I’d imagine you understand, as we counselors do, that when we talk like this, when we say “you hurt’, what we really mean is, “I hurt” or “I was scared, I AM scared now.” So why do we do this? It’s almost instinctual to change our “I’s” to “You’s.” The answer is that we instinctually guard against vulnerability. We guard against exposing our human pain to the possible rejection of another human being. In a nutshell, it’s scarier to say “I hurt. I am scared,” than it is to say "you hurt." "When that happens to you, you hurt."

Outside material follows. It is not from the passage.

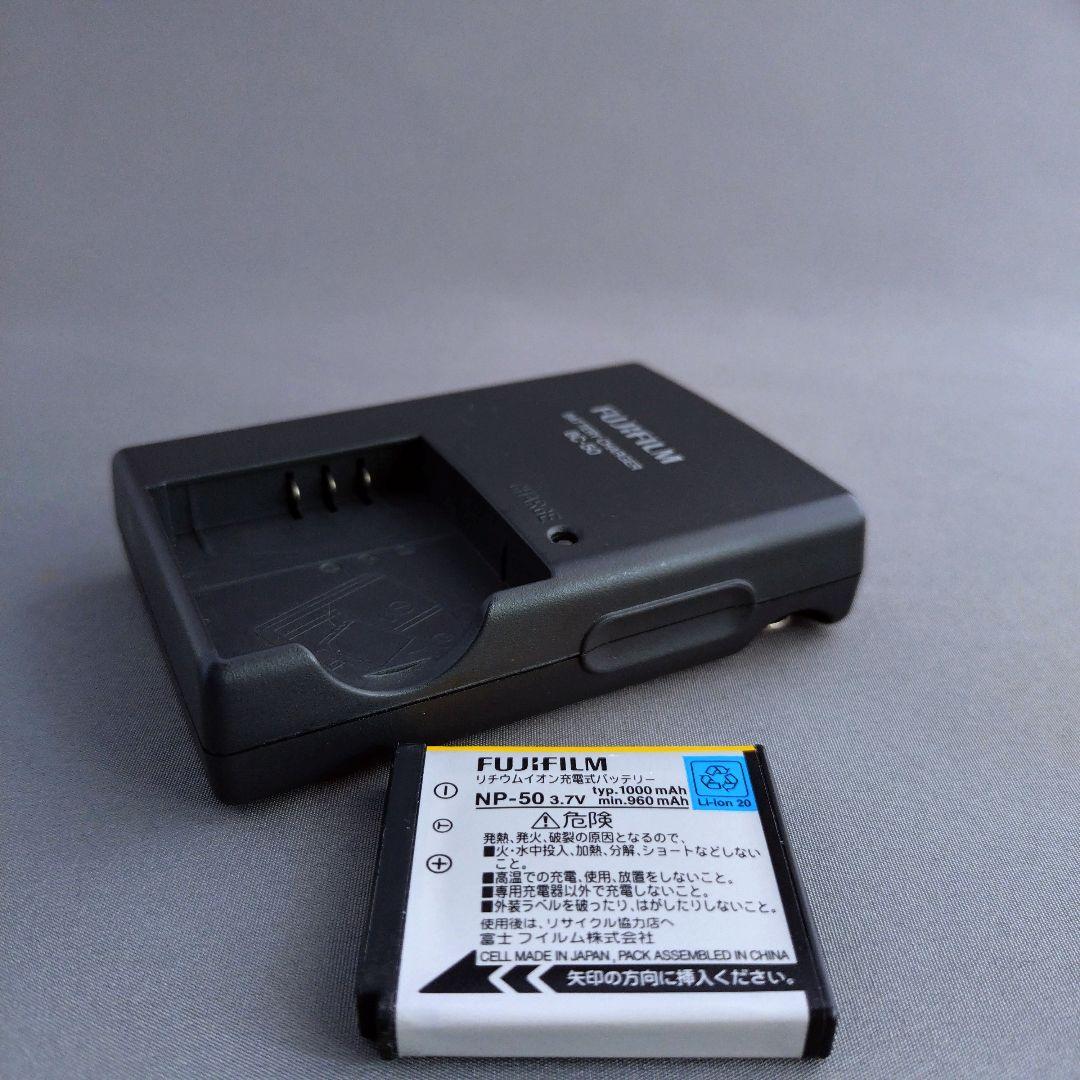 【美品】FUJIFILM FinePix F100fd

When we change our “I’s” to “You’s” however, we rob ourselves of our own experience in the pain. We hide from other people and rob ourselves of the opportunity to connect with another person in our pain, to witness our pain and those are the very things that HEAL our pain.
I have an adage I often tell my clients when we are walking through pain:
"We name it, we claim it, we feel it, we heal it.”
Using our “I’s” is how we claim our own pain. Because no, YOU didn’t go through it, and NO, not EVERYONE experiences it or feels it. YOU felt it… "I felt it and it hurt ME!"
That’s a terrifying proposition to claim your own pain, but primary to healing.